This seemed
on the face of it so small a thing that from a certain angle it was hardly
worth the telling. But it was there, if only for a moment.
And I was
sitting on the sofa just two weeks ago, not late, a little before ten p.m., when
a bright light flew silently past a window which, high in the wall and from
where I sat, looked out over the neighborhood, at the sky just above the houses
across the street. It was a very bright white ball, moving fast, though not
shooting as a meteor would shoot, but slower than that, and it was low in the
air, low to the ground, maybe one or two hundred feet above. It happens sometimes
that I can see naval fighter jets that come flying over through this same
window from that very spot, and they will cross at the same low altitude, but
this was not that – this white light was soundless. Not quiet, but soundless. The
jets, when they come for their practice runs at the simulated aircraft carrier
flight deck nearby, are anything but. They’ll shake the nerves right out of
your spine.
The window,
at that angle, offers a very narrow view out, since I was some distance from
it, and it is small and high up the wall above the stairs. That this bright,
low light flew past that specific area, from right to left, just so that I
could see it, struck me as not an accident, but as something that I was
supposed to see. I ran to the window, jumped up the steps to look for more, but
it was gone. I don’t remember being able to see much of the stars, whether it
was clear or overcast or what – that didn’t seem to matter at the time, since I
was certain it wasn’t a shooting star. Something in me came back to life then
and I felt excited again, as if something wonderful were near, like this was an
announcement of sorts, letting me know it was still around. It was very much
like the light I saw shoot off over the freeway one night in Indiana, while driving
cross-country. For all I know, it’s the same light. For all I know, it’s
nothing.
Coming then,
as this did, just before the regular drive I make inland to Utah at this time
of year (and which I’m currently in the midst of), while making preparations
and coming to grips with leaving the island home that I’ve only recently come
to feel I’ve got real roots in, I imagine this as a signal of a similar
crossing. I like to think that I have an ongoing relationship to something
inexplicable, and that these teasing hints and subtle clues are perhaps just
the surface, and that they in and of themselves have meaning. Yet I’ve been
reluctant to write up this account, brief and peripheral as it is, on that
possibility that I’ve only imagined such a relationship, while this flat and
lifeless feeling creeps back over me, rendering everything meaningless.
Perhaps this
isn’t a matter of choosing one thing over another – fantasy or reality, belief
or disbelief. I’ll never prove anything to anyone, and not to myself either.

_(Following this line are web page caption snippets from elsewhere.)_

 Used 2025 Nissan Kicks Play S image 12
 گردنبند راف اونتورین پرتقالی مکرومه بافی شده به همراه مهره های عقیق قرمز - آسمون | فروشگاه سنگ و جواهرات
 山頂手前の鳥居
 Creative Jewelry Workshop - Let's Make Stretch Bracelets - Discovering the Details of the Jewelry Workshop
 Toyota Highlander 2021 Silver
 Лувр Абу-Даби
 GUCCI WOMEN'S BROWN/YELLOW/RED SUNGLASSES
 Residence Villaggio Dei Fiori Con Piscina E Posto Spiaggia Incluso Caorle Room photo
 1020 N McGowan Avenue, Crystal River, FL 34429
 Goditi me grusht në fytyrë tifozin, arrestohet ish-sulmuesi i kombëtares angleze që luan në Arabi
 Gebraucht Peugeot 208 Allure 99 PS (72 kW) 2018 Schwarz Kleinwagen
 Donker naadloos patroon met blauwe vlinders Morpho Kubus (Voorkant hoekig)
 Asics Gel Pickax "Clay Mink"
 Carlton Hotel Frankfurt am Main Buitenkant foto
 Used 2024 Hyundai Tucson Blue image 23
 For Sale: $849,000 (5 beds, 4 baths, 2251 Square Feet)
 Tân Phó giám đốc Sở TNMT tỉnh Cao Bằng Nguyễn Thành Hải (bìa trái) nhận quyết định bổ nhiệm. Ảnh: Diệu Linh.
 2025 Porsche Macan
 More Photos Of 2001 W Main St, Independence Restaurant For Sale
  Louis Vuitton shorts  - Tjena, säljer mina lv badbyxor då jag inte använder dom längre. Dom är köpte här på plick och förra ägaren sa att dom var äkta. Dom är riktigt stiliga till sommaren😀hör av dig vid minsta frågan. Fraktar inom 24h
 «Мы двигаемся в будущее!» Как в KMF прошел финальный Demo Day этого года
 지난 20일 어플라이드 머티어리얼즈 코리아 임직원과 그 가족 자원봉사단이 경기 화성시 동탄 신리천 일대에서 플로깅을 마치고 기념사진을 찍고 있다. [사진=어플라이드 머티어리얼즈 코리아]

For now, I’m driving over a flat earth, one that seems sometimes to glow in the
gathering night from within, and it is spectral and strange, and I’m amazed
that I can see at all, and I think of how I love the earth, and that the world
is warm, even where it is blasted and dead and cold, and that in it there are
stories still to be made and told, and that I am still this squirming thing
that is alive and weird and staring, and exactly and always right here.